Общественно и политически значимые темы, такие как нигилизм, особенно проблематизировали статус автора. Оказывалось, что многочисленные инстанции не могут не вмешаться в процесс коммуникации между драматургом и зрителем. Если выражаться на языке семиотики, можно сказать, что этими инстанциями во многом определялись не только культурные коды, благодаря которым адресат воспринимал сообщение, но и само это сообщение, порожденное далеко не только писателем. Ниже мы убедимся, что обращение к теме нигилизма сказалось и на позиции интерпретатора сообщения, в том числе экспертов Уваровской премии.
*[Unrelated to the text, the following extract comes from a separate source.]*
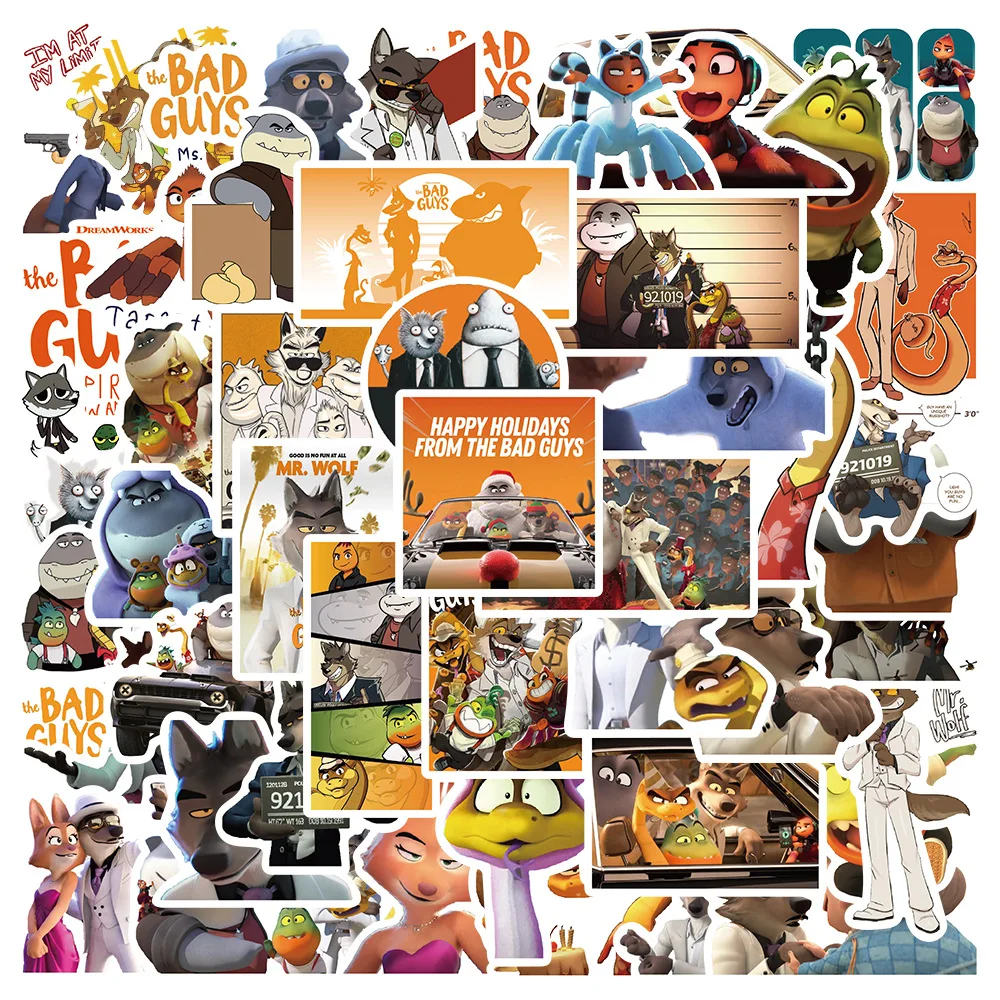

10/30/52Pcs Cartoon Movies The Bad Guys Stickers DIY Suitcase Phone Laptop Skateboard Fridge Guitar Car Sticker Graffiti Kid Toy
II. «Реализм», прогресс и критика капитализма: Последний лауреат Уваровского конкурса
В последние годы существования Уваровской премии ее положение было плачевно: академики, боясь повторения скандала с Алексеем Толстым, не хотели вручать награду ни одному из претендентов. Публика после скандалов середины 1860‐х гг. практически забыла и о проблемах Академии наук, и о конкурсе: газеты и журналы мало и редко писали о ее деятельности, если не считать отзывов на отдельные научные труды. Никитенко, единолично составлявший рецензии на все поступившие на конкурс пьесы, был в принципе готов увенчать наградой нескольких авторов, однако его отзывы оставались достаточно сдержанными и не находили сочувствия у других академиков. В итоге награда не могла найти героя более десяти лет, что, конечно, не радовало ни участников конкурса, ни организаторов. В этом разделе мы обратимся к последнему этапу в истории конкурса и увидим, как он встраивался в многообразные споры о «нигилизме» и его месте в литературе, шедшие в периодической прессе, и как в этой публичной полемике позиция экспертов, стремившихся защищать «высокую» литературу и автономию литературного ряда, неизбежно оказалась политизирована.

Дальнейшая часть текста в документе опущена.